DATA FOR ANALYSIS:
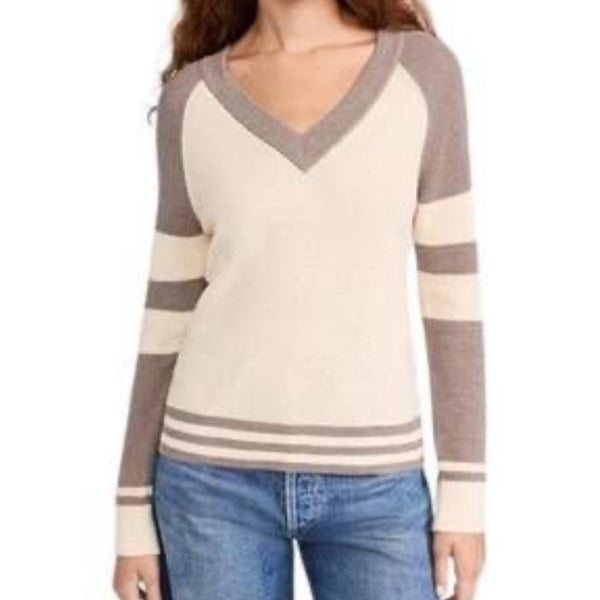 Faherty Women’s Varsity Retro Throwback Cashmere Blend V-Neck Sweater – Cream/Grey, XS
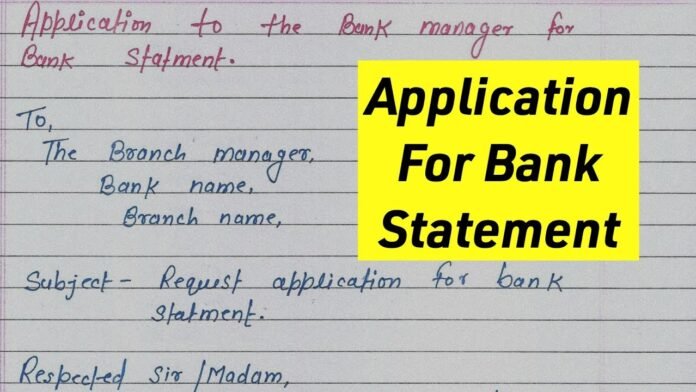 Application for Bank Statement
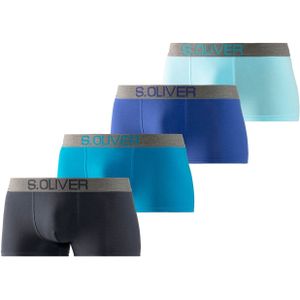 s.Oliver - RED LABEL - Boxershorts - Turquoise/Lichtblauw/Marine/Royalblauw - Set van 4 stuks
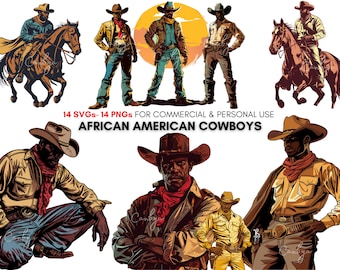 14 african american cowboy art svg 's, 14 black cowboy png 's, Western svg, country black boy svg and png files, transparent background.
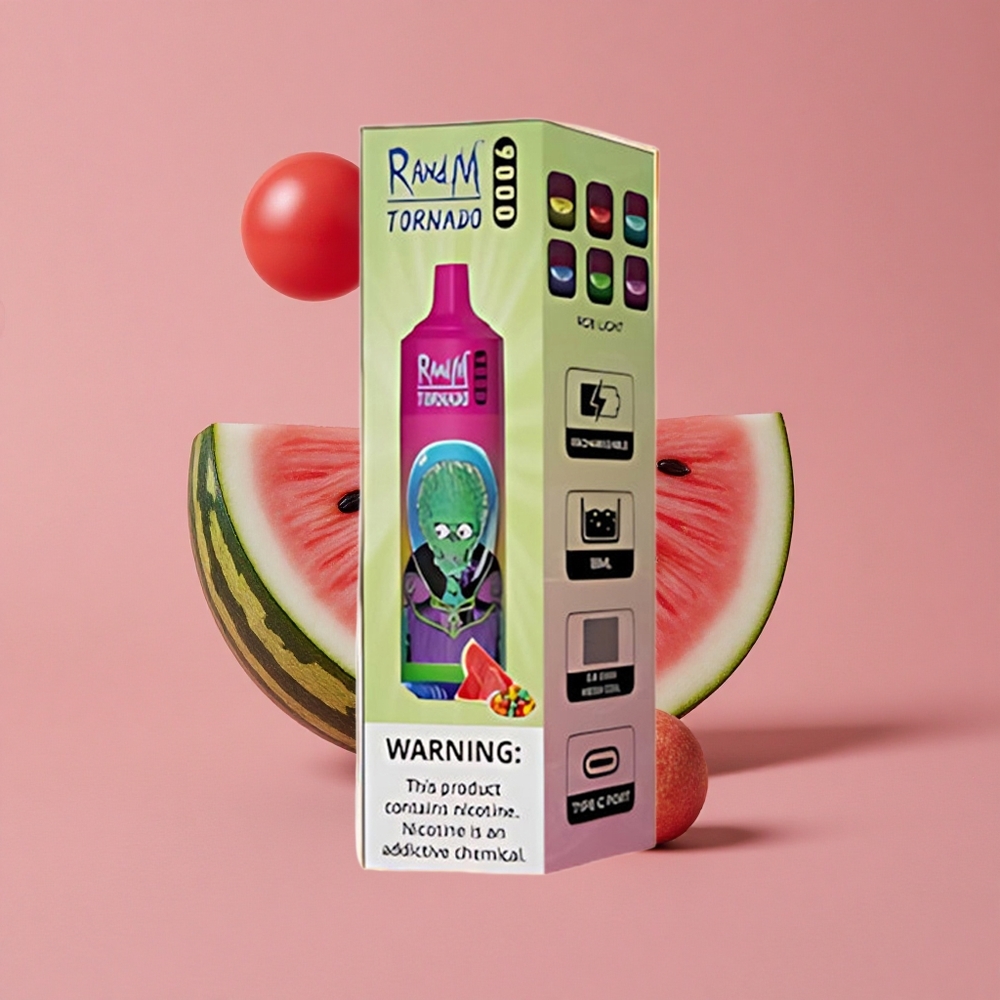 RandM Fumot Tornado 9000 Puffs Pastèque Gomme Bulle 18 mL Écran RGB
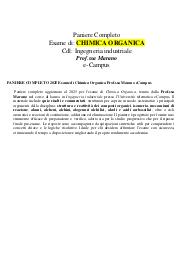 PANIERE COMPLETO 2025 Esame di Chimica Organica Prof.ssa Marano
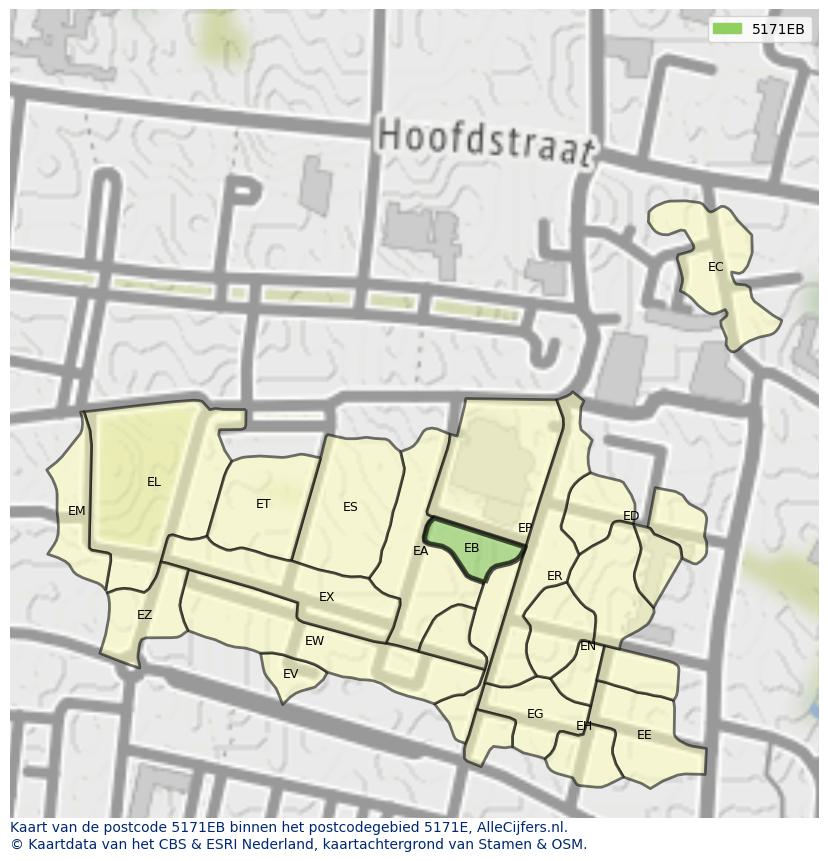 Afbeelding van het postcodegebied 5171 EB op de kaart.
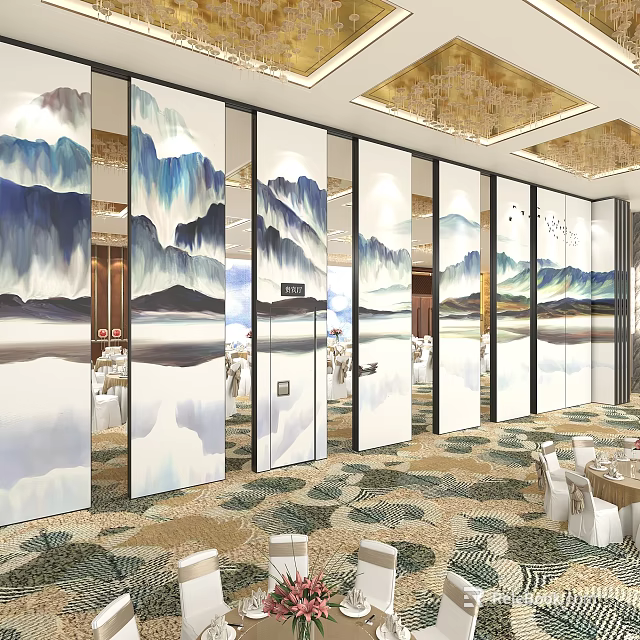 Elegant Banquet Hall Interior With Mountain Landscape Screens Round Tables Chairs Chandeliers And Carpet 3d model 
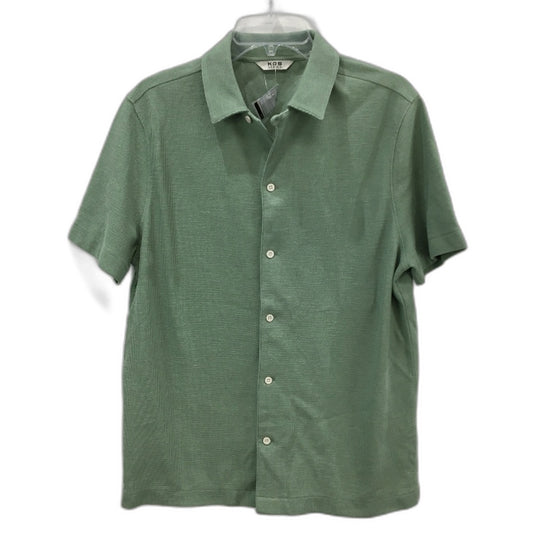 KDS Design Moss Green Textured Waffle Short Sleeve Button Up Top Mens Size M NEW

WHAT YOU WILL DO: Range to copy from the listing above: the line containing "RandM Fumot Tornado" down to the line containing "Afbeelding van het", both included. Reproduce it exactly, minus the pictures, and add nothing.

RESULT OF THIS TASK:
 RandM Fumot Tornado 9000 Puffs Pastèque Gomme Bulle 18 mL Écran RGB
 PANIERE COMPLETO 2025 Esame di Chimica Organica Prof.ssa Marano
 Afbeelding van het postcodegebied 5171 EB op de kaart.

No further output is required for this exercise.